His reaction was no less violent than unpredictable. He protested at the “raw and bloody pessimism” of Zola, whose stories were a “putrid mass of realistic fiction . . . literary fungi begotten of social rottenness.” It all indicated to him an underlying national degeneracy. The French language encountered his wrath: it was peculiarly adapted to enshrouding the most awful forms of human depravity with exquisite art. The French masters were especially endowed for the deftest dissections in morbid anatomy. With the unction of a recent convert Hearn thanked his stars that literary conservatism still reigned in England and the United States. He was grateful for the prevailingly “brawny moral tone” that characterized Dickens and Thackeray; the power of self-control among English and American writers; the retention of the primal purpose of fiction, which was to recreate minds that were weary of the toil and strife of the world. The sensational reporter who had anticipated the fin de siècle decadents in pursuit of the horrible and the monstrous was become an ethical romanticist.

In this reaction against the world of Christian creed, the actual world of circumstance, and the artistic realm of naturalism and realism Hearn continued to the end. In the life that surrounded him as a journalist he saw no more to admire in New York than in London, or in Cincinnati than in New York. Even in New Orleans the human city of the day was buried under a lava flood of sordid chicane. The golden sunlight of eternal summer shone for him on a charnel house of corruption. He was ready to abandon himself to cynical scepticism—was, in fact, abandoned to it—when he found himself under the spell of Herbert Spencer, thenceforth his literary superman.

III

The experience of Spencerolatry is a common one in literary history, but in Hearn’s case it was an experience with a difference. Often the effect was to deprive the young believer of a comfortable faith. “The ‘Data of Ethics’ and ‘First Principles’ ” said Theodore Dreiser, for example, “nearly killed me, took away every shred of belief from me, showed me that I was a chemical atom in a whirl of unknown forces . . . I went into the depths and am not sure that I have ever got entirely out of them.” But for Hearn, who was deep in the center of indifference, the effect was more like a positive redemption: “I . . . learned what an absurd thing positive skepticism is. I also found unspeakable comfort in the sudden and, for me, eternal reopening of the Great Doubt which renders pessimism ridiculous, and teaches a new reverence for all forms of faith.” In a word, what Hearn derived from Spencer was an approach to the study of human experience and a stimulus to pursue the study for himself.
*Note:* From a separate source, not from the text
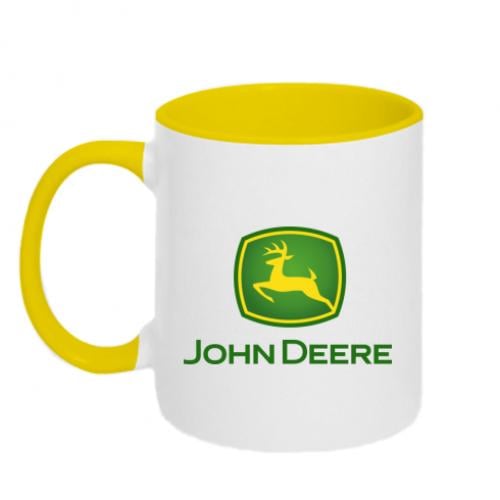 Чашка керамічна двоколірна John Deere 320 мл Біло-жовтий (731558-34-63795)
The result of the study was a new artistic trinity, of romanticism, idealism, and moralism. The mini, wearied by toil and strife, could be recreated only in escape from reality; the escape should be to an ideal world; but this was not preeminently a sensuously beautiful world, it was rather a morally beautiful world. As surely as there was a law of progress a new idealism must arise. The morals of the present world, he held, are avenues to the fulfilment of human possibilities. It is for this sound reason that the common sense of the mass always condemns any attempt to overthrow the moral code. Yet for the educated the new teaching of ethics should substitute a rational for an emotional morality, though it is fitting that for the mass the old emotional reactions towards the virtues should preserve the moral balance of the world. In the ideal world, however, this balance will be preserved through inherited instinct, and only, in a social order where this prevails can the consciousness of the code be allowed to sleep. Short of this millennium, therefore, moral idealism must be sought and practised because of its necessity as a regulating force.

In arriving at these conclusions, though he never strayed far from the trail blazed by his teacher, Hearn was not wholly preoccupied with following the marks. His eyes were open to the whole path and his imagination reached on to the end of the journey. So it developed that Spencer’s dicta interested him not as finalities so much as reopenings of the Great Doubt. He saw what otherwise intelligent people are continually failing to see—that any doubt may lead the way to fine adventure, and that it is anything but a doubt that precludes all but one possibility. As a consequence, without clearly articulating his procedure, he moved on to the scientific theory of multiple hypotheses. He was already on guard against the Jack Horner type of philosophizing that leaps to fond conclusions derived from a single plum. He was willing to admit that to human vision truth is an iridescent thing, changing hues as the light plays upon it; that an old principle may turn out to be not quite true, and yet to contain an evident measure of truth that may not be rejected; that in the explanations of life an order of ideas, temporarily out of fashion, may come back into favor if it is found to offer a better explanation than the set which is in vogue.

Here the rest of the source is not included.